- The problem
Would you please return the lines of the entries below starting at the line that has "Lång badbrygga vid stranden i sommarstugeområdet Vinderup Lång" and ending at the line that has "Patron wearing a", both included, exactly as they are?

Stored items from a collection
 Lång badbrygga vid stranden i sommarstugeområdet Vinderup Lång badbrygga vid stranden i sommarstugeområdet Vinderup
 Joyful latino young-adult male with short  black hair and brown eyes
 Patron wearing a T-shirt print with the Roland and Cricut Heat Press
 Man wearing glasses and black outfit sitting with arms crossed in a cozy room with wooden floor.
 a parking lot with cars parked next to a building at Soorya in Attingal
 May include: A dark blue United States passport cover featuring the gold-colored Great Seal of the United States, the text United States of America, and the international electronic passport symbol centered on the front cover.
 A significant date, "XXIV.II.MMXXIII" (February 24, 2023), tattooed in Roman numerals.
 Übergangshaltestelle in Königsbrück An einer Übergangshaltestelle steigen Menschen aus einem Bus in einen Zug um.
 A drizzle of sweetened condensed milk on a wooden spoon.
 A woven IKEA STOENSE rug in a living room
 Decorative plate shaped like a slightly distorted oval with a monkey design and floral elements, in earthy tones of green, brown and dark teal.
...
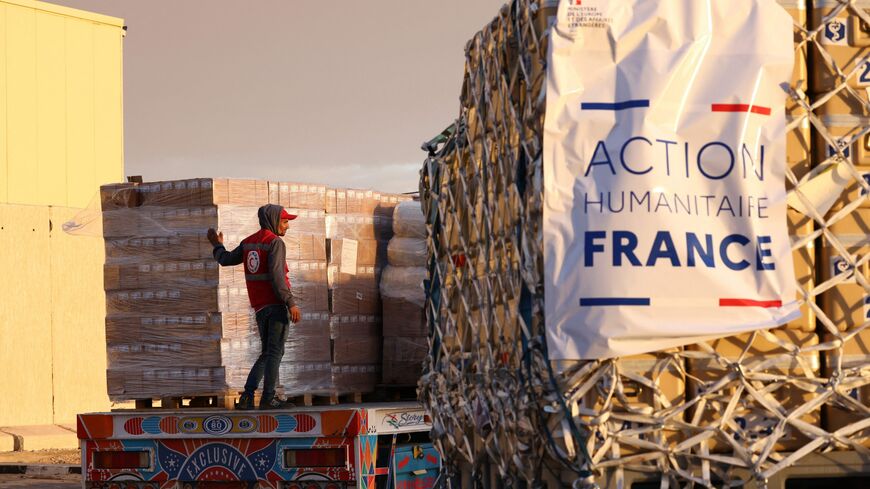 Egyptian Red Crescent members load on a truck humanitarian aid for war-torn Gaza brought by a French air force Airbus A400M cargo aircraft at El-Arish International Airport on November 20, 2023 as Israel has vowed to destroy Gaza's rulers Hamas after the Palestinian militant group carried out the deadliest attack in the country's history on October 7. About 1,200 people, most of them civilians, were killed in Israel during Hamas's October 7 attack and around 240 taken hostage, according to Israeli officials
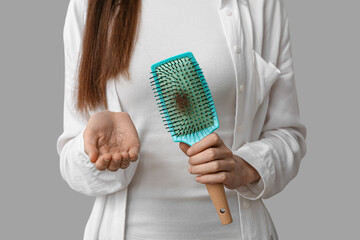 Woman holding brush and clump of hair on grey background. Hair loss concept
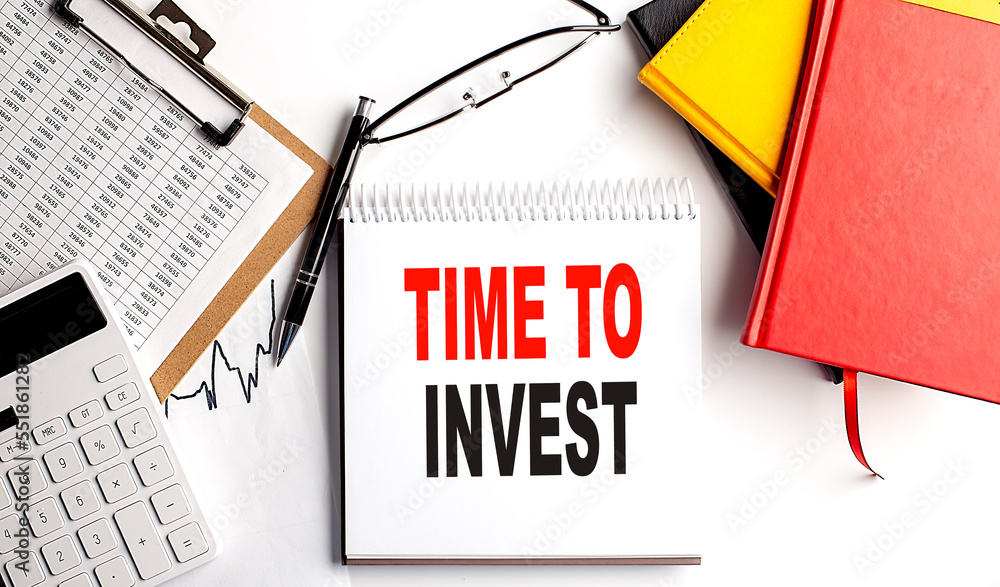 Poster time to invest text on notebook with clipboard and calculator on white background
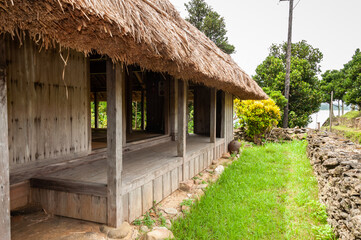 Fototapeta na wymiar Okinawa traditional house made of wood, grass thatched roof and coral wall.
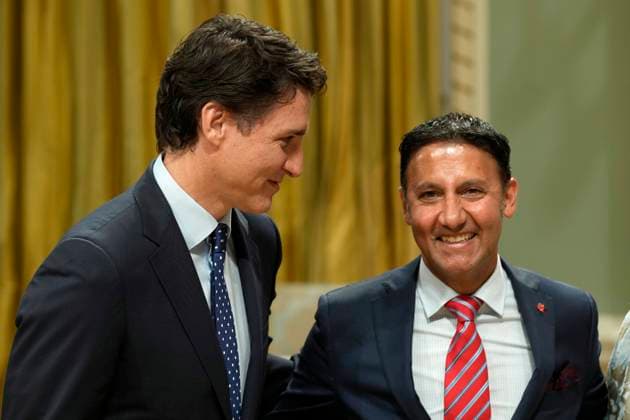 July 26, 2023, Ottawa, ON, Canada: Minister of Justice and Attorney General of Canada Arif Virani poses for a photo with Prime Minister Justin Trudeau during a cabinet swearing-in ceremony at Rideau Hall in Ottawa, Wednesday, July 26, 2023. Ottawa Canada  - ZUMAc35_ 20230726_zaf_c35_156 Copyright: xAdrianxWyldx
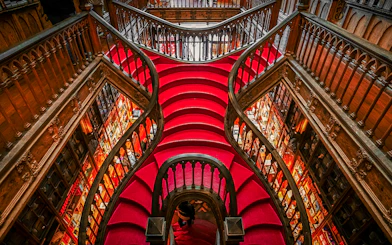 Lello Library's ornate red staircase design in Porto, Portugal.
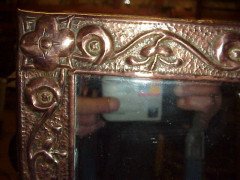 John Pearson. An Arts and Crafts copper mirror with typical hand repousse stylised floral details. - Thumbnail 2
...
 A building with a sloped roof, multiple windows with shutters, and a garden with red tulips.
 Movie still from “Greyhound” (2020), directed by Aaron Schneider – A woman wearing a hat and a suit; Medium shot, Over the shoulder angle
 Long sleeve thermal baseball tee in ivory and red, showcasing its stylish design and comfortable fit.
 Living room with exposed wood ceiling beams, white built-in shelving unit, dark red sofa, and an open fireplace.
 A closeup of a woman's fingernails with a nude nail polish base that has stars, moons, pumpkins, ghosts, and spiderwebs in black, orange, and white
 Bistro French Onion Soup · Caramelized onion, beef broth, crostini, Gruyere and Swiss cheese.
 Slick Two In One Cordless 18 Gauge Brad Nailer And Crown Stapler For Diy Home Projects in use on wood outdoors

- Task response
 Lång badbrygga vid stranden i sommarstugeområdet Vinderup Lång badbrygga vid stranden i sommarstugeområdet Vinderup
 Joyful latino young-adult male with short  black hair and brown eyes
 Patron wearing a T-shirt print with the Roland and Cricut Heat Press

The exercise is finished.